• **Exercise directions**
Return exactly the lines below, starting with the one that has "Алетта трахкає секс" and going on through the one that has "3 bed end terrace".

-- Records supplied follows --

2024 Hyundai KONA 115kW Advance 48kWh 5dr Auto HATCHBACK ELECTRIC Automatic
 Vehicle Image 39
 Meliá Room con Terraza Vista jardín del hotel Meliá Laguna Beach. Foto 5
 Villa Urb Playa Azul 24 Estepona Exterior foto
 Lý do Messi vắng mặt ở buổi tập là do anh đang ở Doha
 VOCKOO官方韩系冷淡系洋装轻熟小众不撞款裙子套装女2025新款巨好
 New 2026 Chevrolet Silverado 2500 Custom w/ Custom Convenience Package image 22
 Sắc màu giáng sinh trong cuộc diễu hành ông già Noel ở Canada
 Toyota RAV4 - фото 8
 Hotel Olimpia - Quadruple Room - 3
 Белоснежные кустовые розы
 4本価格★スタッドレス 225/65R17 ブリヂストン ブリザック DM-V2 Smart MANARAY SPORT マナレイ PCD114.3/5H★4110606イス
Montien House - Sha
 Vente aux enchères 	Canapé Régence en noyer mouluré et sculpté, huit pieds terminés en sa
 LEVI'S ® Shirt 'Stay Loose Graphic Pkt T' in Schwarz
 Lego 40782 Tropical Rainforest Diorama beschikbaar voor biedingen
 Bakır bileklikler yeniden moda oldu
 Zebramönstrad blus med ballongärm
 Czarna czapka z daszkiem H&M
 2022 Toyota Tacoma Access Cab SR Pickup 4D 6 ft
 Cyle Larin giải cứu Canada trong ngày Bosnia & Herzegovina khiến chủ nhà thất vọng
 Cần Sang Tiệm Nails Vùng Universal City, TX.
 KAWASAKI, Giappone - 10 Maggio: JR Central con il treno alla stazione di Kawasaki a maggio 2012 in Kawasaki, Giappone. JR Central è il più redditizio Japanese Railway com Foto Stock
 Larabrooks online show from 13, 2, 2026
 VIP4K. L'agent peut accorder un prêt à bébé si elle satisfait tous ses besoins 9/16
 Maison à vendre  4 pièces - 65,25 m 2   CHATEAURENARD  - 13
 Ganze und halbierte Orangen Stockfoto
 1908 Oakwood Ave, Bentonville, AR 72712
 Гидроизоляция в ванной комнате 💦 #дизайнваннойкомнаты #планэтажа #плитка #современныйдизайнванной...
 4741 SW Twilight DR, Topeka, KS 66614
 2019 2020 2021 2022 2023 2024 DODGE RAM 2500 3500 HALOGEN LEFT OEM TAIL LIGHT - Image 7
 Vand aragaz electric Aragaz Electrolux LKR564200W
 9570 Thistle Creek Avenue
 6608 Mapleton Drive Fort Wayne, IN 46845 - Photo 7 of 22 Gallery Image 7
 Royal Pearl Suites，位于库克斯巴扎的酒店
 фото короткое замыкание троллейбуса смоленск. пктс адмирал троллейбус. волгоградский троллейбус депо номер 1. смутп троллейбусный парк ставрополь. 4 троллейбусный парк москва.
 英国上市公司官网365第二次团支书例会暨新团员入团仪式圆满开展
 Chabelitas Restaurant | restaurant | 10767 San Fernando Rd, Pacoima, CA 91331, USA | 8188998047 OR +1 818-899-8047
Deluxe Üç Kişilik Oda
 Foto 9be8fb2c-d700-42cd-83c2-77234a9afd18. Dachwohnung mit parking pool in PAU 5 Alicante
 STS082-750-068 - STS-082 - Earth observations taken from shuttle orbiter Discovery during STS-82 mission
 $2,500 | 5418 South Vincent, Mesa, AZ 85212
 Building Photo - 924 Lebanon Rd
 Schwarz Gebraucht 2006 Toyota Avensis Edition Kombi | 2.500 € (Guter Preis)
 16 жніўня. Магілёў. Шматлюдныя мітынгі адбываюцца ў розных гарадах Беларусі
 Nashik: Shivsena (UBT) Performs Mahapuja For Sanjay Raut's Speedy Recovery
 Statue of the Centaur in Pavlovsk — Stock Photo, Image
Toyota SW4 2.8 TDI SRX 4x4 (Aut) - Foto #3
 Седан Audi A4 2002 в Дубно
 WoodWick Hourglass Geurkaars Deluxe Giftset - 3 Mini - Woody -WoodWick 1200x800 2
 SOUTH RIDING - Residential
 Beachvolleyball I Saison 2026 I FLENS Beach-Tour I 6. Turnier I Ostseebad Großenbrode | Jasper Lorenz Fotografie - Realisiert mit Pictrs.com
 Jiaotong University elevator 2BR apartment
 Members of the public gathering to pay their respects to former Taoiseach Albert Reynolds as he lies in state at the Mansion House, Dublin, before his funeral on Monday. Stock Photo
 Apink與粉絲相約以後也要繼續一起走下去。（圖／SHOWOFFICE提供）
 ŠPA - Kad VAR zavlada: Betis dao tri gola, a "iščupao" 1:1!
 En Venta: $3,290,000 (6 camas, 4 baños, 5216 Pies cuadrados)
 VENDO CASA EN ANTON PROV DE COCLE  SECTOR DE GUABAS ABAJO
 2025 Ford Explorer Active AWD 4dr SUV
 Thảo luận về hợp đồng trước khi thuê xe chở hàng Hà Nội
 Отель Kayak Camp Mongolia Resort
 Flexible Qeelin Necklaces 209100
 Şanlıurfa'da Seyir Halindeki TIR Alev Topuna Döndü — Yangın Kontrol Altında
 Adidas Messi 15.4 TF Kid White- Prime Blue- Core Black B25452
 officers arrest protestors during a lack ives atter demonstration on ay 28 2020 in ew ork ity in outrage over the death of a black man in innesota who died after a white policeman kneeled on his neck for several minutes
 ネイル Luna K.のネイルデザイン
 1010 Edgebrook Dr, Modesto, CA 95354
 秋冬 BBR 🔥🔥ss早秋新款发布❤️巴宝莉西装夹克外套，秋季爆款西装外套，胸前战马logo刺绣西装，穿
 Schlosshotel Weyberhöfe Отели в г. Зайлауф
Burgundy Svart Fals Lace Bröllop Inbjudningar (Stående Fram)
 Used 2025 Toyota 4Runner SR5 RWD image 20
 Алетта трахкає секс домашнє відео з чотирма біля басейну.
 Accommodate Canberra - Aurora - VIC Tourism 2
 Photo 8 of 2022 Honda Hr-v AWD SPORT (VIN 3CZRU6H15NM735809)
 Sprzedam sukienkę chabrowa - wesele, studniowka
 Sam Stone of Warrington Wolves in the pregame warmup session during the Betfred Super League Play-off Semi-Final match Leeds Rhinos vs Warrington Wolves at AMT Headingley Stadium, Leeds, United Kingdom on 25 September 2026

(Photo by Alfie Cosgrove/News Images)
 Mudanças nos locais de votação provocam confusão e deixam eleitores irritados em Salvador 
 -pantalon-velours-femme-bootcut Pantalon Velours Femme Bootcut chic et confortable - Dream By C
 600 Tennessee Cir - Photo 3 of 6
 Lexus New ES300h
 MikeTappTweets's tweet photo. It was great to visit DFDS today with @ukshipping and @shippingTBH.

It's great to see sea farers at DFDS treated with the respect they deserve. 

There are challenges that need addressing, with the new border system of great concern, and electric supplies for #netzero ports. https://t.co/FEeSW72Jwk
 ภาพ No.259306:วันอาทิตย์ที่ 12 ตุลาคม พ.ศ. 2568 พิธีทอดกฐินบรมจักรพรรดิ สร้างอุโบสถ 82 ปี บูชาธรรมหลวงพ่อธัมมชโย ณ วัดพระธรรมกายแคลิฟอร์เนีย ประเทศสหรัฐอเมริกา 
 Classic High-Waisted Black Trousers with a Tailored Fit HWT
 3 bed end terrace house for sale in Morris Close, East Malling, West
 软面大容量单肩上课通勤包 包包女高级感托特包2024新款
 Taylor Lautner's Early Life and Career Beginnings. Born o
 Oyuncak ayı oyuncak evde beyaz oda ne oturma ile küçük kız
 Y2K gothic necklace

-- Records supplied concluded --

• **The answer**
 Алетта трахкає секс домашнє відео з чотирма біля басейну.
 Accommodate Canberra - Aurora - VIC Tourism 2
 Photo 8 of 2022 Honda Hr-v AWD SPORT (VIN 3CZRU6H15NM735809)
 Sprzedam sukienkę chabrowa - wesele, studniowka
 Sam Stone of Warrington Wolves in the pregame warmup session during the Betfred Super League Play-off Semi-Final match Leeds Rhinos vs Warrington Wolves at AMT Headingley Stadium, Leeds, United Kingdom on 25 September 2026

(Photo by Alfie Cosgrove/News Images)
 Mudanças nos locais de votação provocam confusão e deixam eleitores irritados em Salvador 
 -pantalon-velours-femme-bootcut Pantalon Velours Femme Bootcut chic et confortable - Dream By C
 600 Tennessee Cir - Photo 3 of 6
 Lexus New ES300h
 MikeTappTweets's tweet photo. It was great to visit DFDS today with @ukshipping and @shippingTBH.

It's great to see sea farers at DFDS treated with the respect they deserve. 

There are challenges that need addressing, with the new border system of great concern, and electric supplies for #netzero ports. https://t.co/FEeSW72Jwk
 ภาพ No.259306:วันอาทิตย์ที่ 12 ตุลาคม พ.ศ. 2568 พิธีทอดกฐินบรมจักรพรรดิ สร้างอุโบสถ 82 ปี บูชาธรรมหลวงพ่อธัมมชโย ณ วัดพระธรรมกายแคลิฟอร์เนีย ประเทศสหรัฐอเมริกา 
 Classic High-Waisted Black Trousers with a Tailored Fit HWT
 3 bed end terrace house for sale in Morris Close, East Malling, West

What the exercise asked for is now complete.